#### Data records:
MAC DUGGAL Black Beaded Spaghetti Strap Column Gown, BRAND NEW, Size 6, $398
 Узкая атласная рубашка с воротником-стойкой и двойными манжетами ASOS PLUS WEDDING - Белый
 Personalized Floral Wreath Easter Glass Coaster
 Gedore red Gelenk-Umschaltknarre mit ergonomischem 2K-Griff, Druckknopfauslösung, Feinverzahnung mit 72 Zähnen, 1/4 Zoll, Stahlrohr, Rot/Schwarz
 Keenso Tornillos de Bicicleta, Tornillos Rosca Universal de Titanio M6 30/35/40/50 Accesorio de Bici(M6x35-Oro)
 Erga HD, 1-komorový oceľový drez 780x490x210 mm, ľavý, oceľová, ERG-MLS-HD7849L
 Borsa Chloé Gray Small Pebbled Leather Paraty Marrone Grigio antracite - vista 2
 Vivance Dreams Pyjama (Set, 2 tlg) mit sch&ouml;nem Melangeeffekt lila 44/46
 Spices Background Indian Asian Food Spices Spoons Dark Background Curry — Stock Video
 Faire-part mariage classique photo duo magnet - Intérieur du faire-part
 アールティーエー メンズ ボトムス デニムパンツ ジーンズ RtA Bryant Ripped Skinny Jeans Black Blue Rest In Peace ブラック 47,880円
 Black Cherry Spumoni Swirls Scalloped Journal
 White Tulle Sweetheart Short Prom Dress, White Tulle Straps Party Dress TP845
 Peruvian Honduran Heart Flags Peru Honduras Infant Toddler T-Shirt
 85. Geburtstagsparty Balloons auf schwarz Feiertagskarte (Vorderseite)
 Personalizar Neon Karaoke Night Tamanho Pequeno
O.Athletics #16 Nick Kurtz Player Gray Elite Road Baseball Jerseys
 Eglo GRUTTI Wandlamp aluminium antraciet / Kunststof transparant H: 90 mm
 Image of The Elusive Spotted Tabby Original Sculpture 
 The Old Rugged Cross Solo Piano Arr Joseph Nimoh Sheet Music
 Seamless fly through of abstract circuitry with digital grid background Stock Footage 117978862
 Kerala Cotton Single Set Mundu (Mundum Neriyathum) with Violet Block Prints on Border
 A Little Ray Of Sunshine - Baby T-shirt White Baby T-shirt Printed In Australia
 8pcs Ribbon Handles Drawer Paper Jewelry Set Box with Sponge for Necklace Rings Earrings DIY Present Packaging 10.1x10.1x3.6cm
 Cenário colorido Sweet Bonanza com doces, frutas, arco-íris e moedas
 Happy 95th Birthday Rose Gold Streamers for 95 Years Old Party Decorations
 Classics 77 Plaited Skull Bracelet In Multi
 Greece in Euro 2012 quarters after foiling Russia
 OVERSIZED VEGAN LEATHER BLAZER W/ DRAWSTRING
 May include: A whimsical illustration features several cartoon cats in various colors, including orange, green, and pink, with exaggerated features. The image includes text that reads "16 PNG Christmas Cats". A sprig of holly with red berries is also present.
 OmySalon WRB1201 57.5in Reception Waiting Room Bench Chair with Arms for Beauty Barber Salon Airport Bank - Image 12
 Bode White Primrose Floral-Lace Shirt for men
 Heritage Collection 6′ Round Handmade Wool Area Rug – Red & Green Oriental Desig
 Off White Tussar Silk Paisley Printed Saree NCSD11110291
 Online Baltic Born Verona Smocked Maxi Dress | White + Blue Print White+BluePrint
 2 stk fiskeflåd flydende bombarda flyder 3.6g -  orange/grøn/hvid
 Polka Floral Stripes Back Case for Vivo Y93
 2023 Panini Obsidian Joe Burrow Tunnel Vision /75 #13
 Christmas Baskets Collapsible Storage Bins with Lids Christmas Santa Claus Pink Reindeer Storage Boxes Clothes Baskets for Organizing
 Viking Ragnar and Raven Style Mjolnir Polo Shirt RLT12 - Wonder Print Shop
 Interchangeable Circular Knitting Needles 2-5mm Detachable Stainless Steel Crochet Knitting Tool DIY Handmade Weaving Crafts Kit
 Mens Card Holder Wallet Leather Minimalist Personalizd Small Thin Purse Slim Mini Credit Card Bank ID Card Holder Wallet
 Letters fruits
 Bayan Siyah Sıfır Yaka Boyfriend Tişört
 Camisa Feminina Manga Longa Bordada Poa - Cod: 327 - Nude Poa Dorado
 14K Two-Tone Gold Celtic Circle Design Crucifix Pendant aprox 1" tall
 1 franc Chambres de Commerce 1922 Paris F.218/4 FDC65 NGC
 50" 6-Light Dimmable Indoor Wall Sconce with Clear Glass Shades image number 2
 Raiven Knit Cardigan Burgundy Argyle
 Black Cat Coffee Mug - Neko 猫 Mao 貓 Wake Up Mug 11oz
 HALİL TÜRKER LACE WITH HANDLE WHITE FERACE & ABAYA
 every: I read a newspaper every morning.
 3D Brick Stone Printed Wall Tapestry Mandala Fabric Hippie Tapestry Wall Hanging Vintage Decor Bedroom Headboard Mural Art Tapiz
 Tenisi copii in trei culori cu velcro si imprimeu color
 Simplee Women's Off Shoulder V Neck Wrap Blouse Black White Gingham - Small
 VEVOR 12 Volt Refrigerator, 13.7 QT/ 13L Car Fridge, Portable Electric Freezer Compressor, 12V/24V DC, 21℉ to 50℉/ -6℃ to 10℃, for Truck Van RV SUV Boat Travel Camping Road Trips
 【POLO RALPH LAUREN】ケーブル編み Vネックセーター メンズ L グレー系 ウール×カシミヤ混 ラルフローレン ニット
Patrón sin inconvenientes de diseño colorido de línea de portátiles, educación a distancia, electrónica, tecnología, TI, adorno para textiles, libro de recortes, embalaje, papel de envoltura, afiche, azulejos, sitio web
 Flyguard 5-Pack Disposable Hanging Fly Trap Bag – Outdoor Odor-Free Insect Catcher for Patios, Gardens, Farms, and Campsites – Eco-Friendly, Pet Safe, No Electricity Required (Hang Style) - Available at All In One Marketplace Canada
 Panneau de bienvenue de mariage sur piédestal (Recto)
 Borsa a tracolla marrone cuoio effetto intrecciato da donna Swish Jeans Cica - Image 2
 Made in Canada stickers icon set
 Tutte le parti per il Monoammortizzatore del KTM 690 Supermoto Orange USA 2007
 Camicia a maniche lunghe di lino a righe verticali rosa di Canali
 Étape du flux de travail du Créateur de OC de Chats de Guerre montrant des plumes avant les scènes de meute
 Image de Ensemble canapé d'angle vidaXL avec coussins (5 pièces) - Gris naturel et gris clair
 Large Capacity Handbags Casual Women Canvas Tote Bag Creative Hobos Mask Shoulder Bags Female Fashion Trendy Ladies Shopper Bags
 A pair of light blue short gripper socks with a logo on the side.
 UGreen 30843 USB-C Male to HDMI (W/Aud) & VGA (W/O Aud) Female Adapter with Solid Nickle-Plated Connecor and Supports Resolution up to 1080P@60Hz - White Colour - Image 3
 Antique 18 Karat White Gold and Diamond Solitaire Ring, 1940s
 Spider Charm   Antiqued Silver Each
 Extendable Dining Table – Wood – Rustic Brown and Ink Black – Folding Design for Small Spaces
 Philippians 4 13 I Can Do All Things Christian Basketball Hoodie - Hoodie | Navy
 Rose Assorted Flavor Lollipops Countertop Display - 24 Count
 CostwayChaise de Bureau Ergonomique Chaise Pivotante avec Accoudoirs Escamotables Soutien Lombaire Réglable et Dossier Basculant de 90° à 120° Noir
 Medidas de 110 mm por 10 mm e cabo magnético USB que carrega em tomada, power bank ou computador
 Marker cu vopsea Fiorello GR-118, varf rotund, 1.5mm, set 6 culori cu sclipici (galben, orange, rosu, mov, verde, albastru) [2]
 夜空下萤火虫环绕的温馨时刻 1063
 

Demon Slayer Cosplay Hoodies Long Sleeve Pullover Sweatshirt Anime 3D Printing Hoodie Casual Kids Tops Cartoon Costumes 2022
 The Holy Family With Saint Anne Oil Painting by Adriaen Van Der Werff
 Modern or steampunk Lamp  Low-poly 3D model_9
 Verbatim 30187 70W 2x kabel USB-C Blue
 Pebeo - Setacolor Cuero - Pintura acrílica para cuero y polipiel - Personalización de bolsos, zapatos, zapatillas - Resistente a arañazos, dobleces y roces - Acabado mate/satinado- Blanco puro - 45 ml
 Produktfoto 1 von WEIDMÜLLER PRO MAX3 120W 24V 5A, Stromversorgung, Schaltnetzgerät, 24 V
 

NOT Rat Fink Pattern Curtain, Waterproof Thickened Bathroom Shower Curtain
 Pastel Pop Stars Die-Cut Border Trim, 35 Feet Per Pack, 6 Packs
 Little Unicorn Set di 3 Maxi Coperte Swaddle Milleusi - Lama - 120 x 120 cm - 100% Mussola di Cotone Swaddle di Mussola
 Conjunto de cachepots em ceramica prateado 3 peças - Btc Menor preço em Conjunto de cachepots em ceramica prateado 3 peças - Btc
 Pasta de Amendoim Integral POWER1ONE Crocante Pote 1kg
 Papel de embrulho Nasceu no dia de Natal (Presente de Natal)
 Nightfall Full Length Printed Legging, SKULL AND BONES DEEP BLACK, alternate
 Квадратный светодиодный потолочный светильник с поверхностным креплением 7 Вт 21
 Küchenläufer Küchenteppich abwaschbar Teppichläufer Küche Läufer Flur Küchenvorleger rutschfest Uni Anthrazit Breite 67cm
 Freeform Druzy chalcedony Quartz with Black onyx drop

#### What the task requires:
Your answer should be the lines above from the one containing "Polka Floral Stripes Back Case for Vivo Y93" through the one containing "image number 2", copied exactly and with both ends kept.

#### Result of the exercise:
 Polka Floral Stripes Back Case for Vivo Y93
 2023 Panini Obsidian Joe Burrow Tunnel Vision /75 #13
 Christmas Baskets Collapsible Storage Bins with Lids Christmas Santa Claus Pink Reindeer Storage Boxes Clothes Baskets for Organizing
 Viking Ragnar and Raven Style Mjolnir Polo Shirt RLT12 - Wonder Print Shop
 Interchangeable Circular Knitting Needles 2-5mm Detachable Stainless Steel Crochet Knitting Tool DIY Handmade Weaving Crafts Kit
 Mens Card Holder Wallet Leather Minimalist Personalizd Small Thin Purse Slim Mini Credit Card Bank ID Card Holder Wallet
 Letters fruits
 Bayan Siyah Sıfır Yaka Boyfriend Tişört
 Camisa Feminina Manga Longa Bordada Poa - Cod: 327 - Nude Poa Dorado
 14K Two-Tone Gold Celtic Circle Design Crucifix Pendant aprox 1" tall
 1 franc Chambres de Commerce 1922 Paris F.218/4 FDC65 NGC
 50" 6-Light Dimmable Indoor Wall Sconce with Clear Glass Shades image number 2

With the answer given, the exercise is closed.